Business as a profession has been much maligned in the past 15 years.

This is due in no small part to the various scandals from Enron in the early 2000s to the financial crisis that led to the recession in 2008.

Young people in the X, Y or Z generation, whichever it is today, scoff at the idea of becoming corrupt business people chasing millions and are looking instead to do something more meaningful and altruistic with their lives.

Now it seems business is making a bit of a comeback in the opinion polls. A November 2012 Gallup poll gives business people a 21% approval rating for honesty and ethics, up from our all-time low of 12% in 2008. That still means that roughly four out of five people do not trust those of us in business.

A new book “Conscious Capitalism: Liberating the Heroic Spirit of Business” by John Mackey and Raj Sisodia makes the case for capitalism. “In the long arc of history, no human creation has had a greater positive impact on more people more rapidly than free-enterprise capitalism. It is unquestionably the greatest system for innovation and social cooperation that has ever existed. This system has afforded billions of us the opportunity to join in the great enterprise of earning our sustenance and finding meaning by creating value for each other.”
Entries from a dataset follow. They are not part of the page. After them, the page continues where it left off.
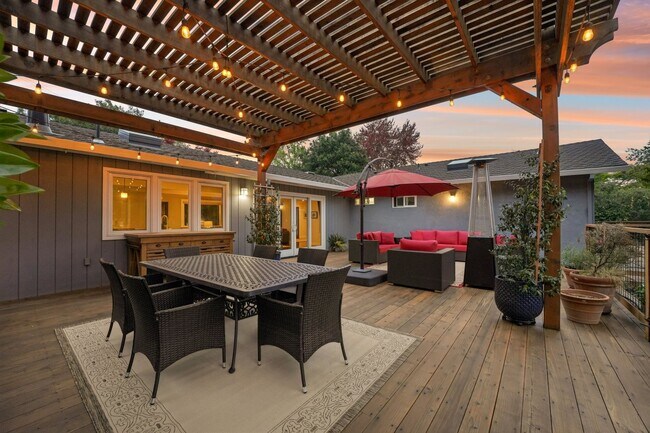 Building Photo - Single-Level Three-Bedroom Retreat in Napa...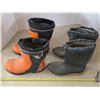 Image 1 : 2 pairs of boots- sizes 10 and 5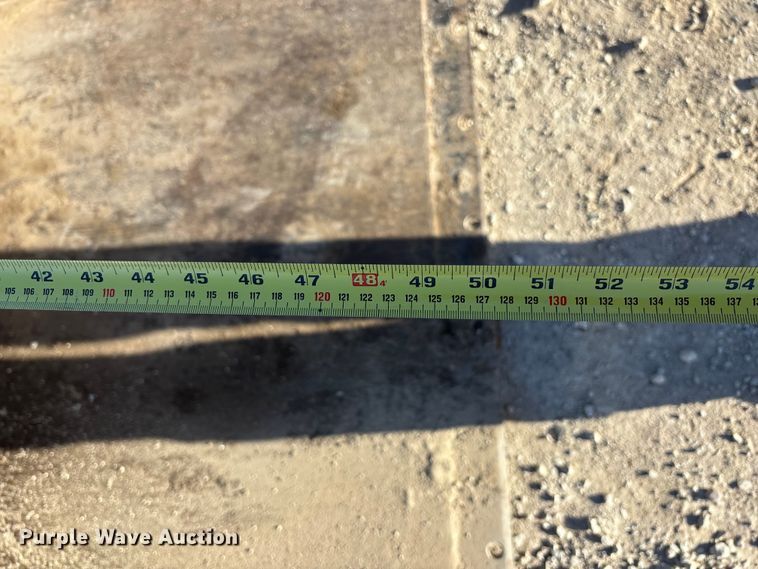 image for item DK0138 Skid steer bucket and forks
Mackey is a co-CEO of Whole Foods Market. Sisodia is a professor of marketing at Bentley University and a co-founder of Conscious Capitalism, Inc. Together they’ve written a profoundly thoughtful narrative illustrating how business and capitalism can be enormous forces for good in our society.

They hope to inspire business leaders to create conscious businesses, ones that are “galvanized by higher purposes that serve and align the interests of all major stakeholders; businesses with conscious leaders who exist in service to the company’s purpose, the people it touches, and the planet; and businesses with resilient, caring cultures that make working there a source of joy and fulfillment.”
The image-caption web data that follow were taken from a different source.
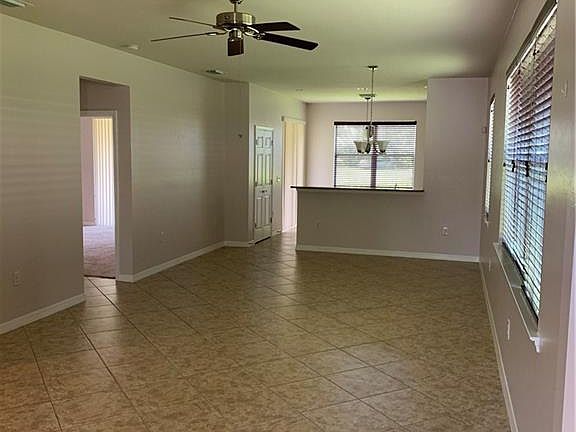 3rd image of 15147 Reef Ln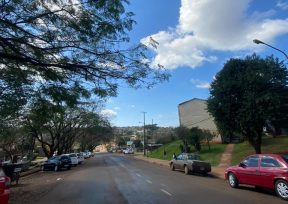 Lunes, cielo parcialmente nublado en Oberá, con posibles chaparrones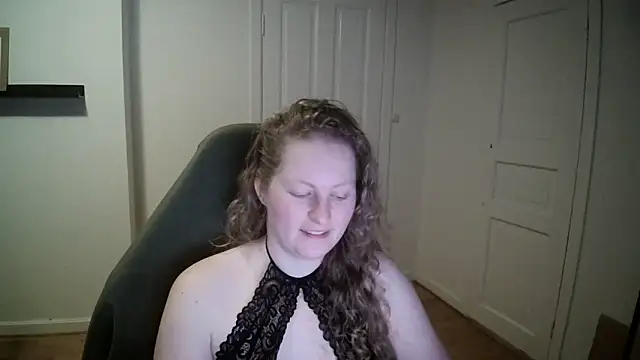 Snapshot of Girlnina-1995 chatting on February 25, 2025, 3:53 pm Girlnina-1995 online show from February 25, 2025, 3:53 pm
The book aligns very closely to our way of thinking and acting at Barry-Wehmiller. During our culture transformation through Truly Human Leadership, we’ve come to see that business enterprise has the opportunity to become the most powerful positive influence on our society by providing a cultural environment in which people can realize their gifts, apply and develop their talents, and feel a genuine sense of fulfillment for their contributions in pursuit of a common inspirational vision.

If we as leaders rise up to the true calling in our work, we can help our people find meaning in their work, even in the profession of business. We can create experiences for those in our organizations that leave them energized by their time with us rather than drained by it. They can go home and be better parents, spouses and members of their communities.
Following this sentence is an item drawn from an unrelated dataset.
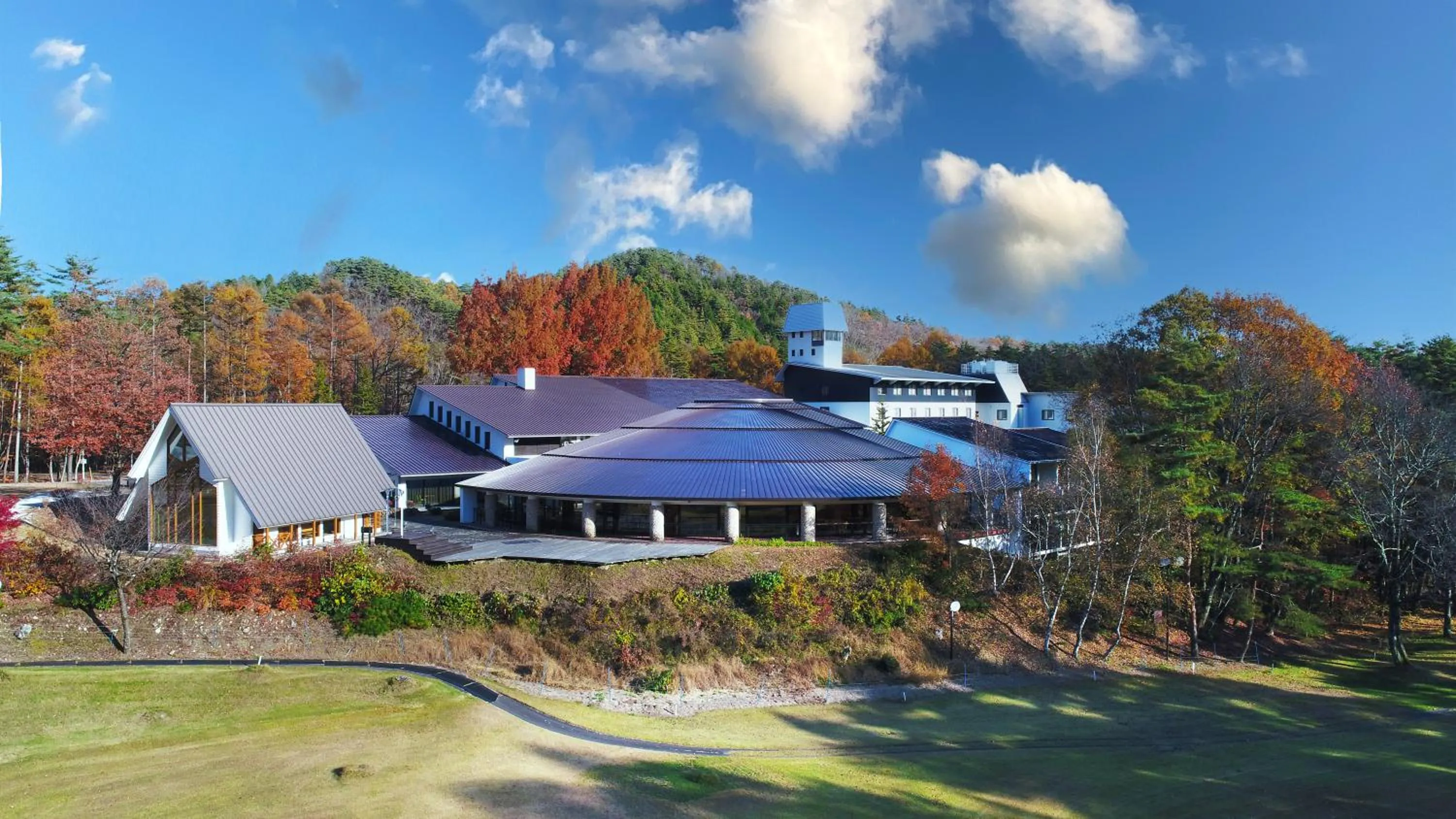 Property building in Holiday Inn Resort Shinano-Omachi Kuroyon, an IHG Hotel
Mackey and Sisodia maintain that our society’s ever-evolving consciousness calls for a new paradigm for business. “We are gradually becoming more caring, holistic, and long term in our thinking. Many of us now see and feel the essential interdependence of all people and of all other living things. We recognize more clearly that we are all in the same boat; we must act both individually and collectively to plug the many leaks that our shared boat has sprung.”

Books like this one give me hope that a new model for business is truly emerging. As business leaders it is our responsibility to lead the way in creating conscious businesses while raising consciousness in the world.

Read the book. (www.consciouscapitalism.org) Step into the boat. The ripple effect of our wake can be tremendous.